The Origins Of National Healthcare Decisions

By Nathan Kottkamp, founder of NHDD

I serve on several hospital ethics committees as part of my health law practice, and I am repeatedly confronted with a very disturbing issue. Time and time again, families, providers, and hospital administrators struggle to interpret the wishes of patients who never made their healthcare wishes known (or failed to complete an advance directive to record their stated wishes). These families and professionals do their best to advocate for what they believe their loved ones or the patient would want or is in their best interests, but they are inherently doing so without any guidance, and it is agonizing. I founded National Healthcare Decisions Day (April 16) because I know that we—both potential patients and healthcare providers—can do a much better job of making our wishes known and then honoring those wishes to avoid these very sad situations.
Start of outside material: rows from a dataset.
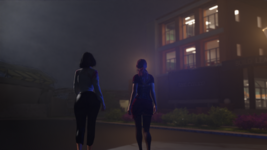 mansion5ch4scene_Camera.png mansion5ch4scene_Camera.png
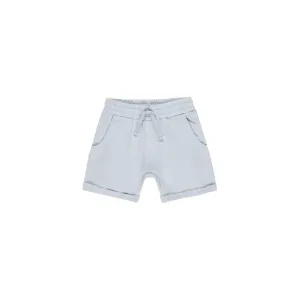 Rylee   Cru Relaxed Short
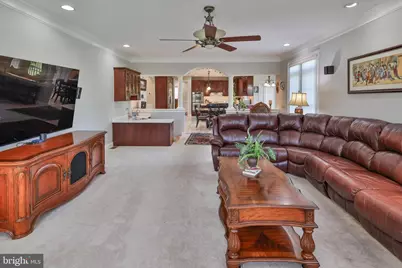 19 Spring Wood Drive, Allentown, PA 18104 - Photo 46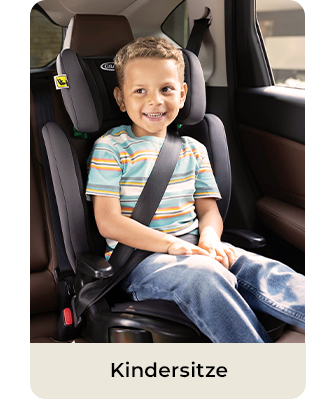 Kindersitze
I was just 20 years old when I completed my own advance directive. I was in college, working for a healthcare decisions advocacy group. It was empowering to know that my loved ones knew my wishes. I now know that I was an outlier to have created an advance directive when I was so young, but the fact is we all should discuss and document our health care wishes, regardless of our age or current health status. Indeed, the three most famous cases regarding health care decision-making involved women in their twenties: Karen Ann QuinlanNancy Cruzan, and Terri Schiavo. Need a young male example? Lance Armstrong was 25 when he was diagnosed with cancer. Of course, beyond these examples, anyone who has been diagnosed with a serious illness and anyone with a large family (where there is an inherent possibility of disagreement) should complete an advance directive, particularly one that names a specific agent for healthcare decisions. It is also important for anyone in a long-term relationship, but who is not married, to appoint their loved one as their agent in writing because most states only recognized spouses and blood relatives as default decision-makers under the law.
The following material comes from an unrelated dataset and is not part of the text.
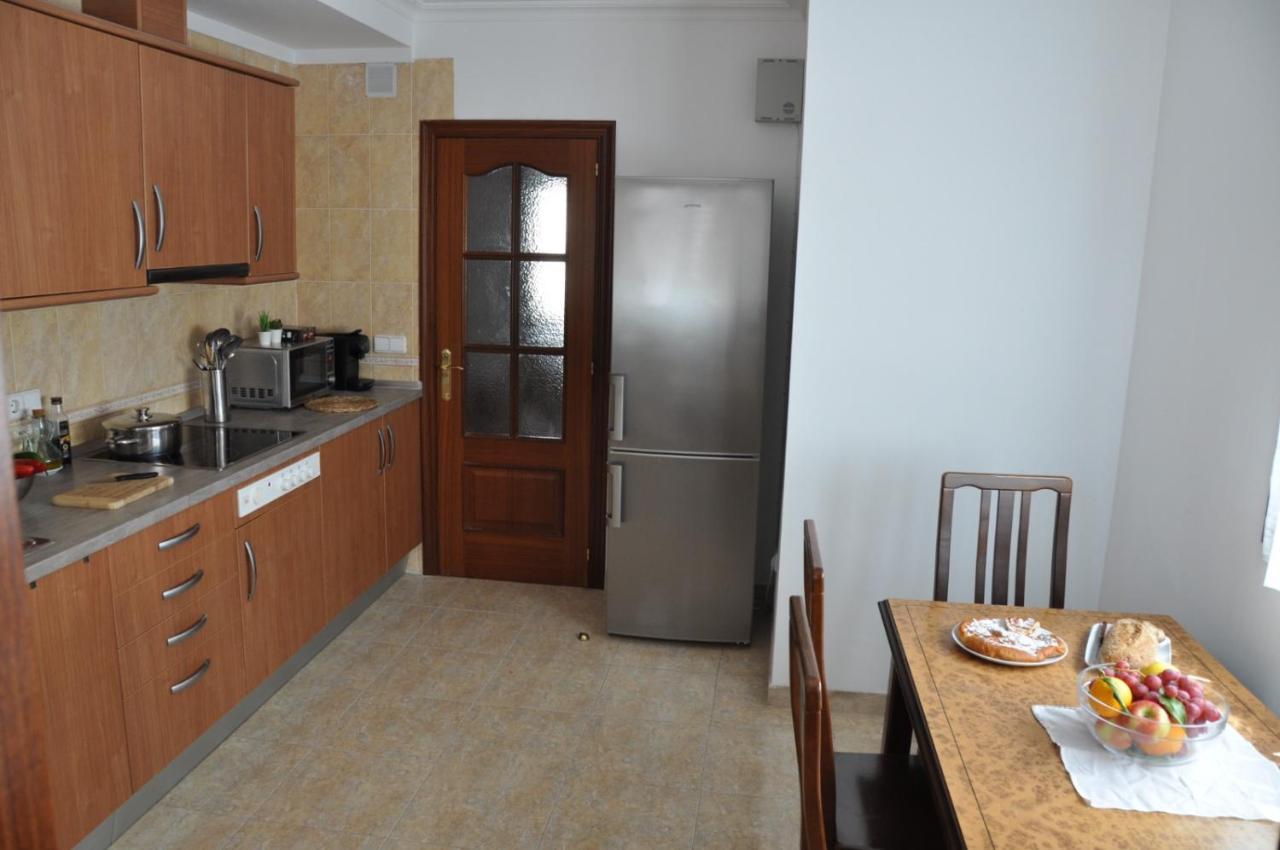 Apartment Sa Coromina & Sa Estany - 1 Min To And Restaurants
Because of these examples and countless others affecting people of all ages, I have been working diligently with all those who share my vision of demystifying advance care planning and ensuring that it becomes a routine part of everyone’s lives and healthcare experiences.
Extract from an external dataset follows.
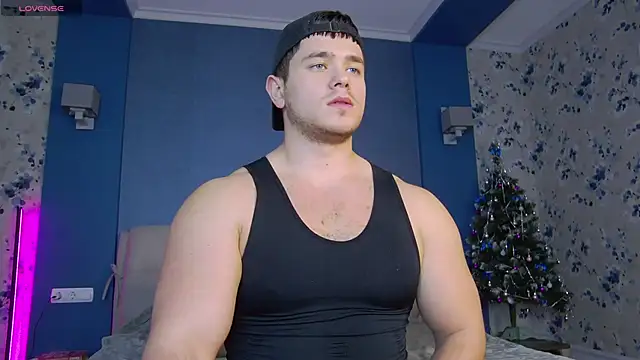 Snapshot of Arilas_ chatting on January 5, 2025, 1:47 pm Arilas  online show from January 5, 2025, 1:47 pm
I founded Virginia Advance Directives Day in 2006, which enjoyed participation by every single hospital in Virginia (along with a host of other providers and organizations). We repeating this feat in 2007, and I knew we had a great model to take nationwide, which we did in 2008. Since then, NHDD has resulted in over million healthcare providers receiving advance directives education, over half a million members of the general public receiving education, over 14,000 advance directives being completed, and it has helped raise awareness of the importance of advance care planning; helped inspire activity that likely would not have taken place otherwise; and forged several new collaborative efforts. But, we’ve still got a long way to go to ensure that everyone has taken action to make their wishes know, so I hope to see NHDD grow bigger and better in 2011 and beyond.

As NHDD continues to grow, I hope to see more positive stories in the media about the shared belief (regardless of politics, religion, or ideology) that it is important to know a patient’s wishes—whatever they may be—and to honor those choices to the greatest degree possible. I also look forward to a massive, ever-growing social media campaign—check us out on Twitter and Facebook—and grassroots campaign to push NHDD out more broadly.

I hope that everyone will realize that advance care planning is a gift to loved ones. Studies suggest that most of us know that we should “Have the Talk” but only about a quarter of us have. I hope that people will mark their calendars for April 16, assemble their loved ones, and just do it. Sometimes we just need a catalyst. National Healthcare Decisions Day is it.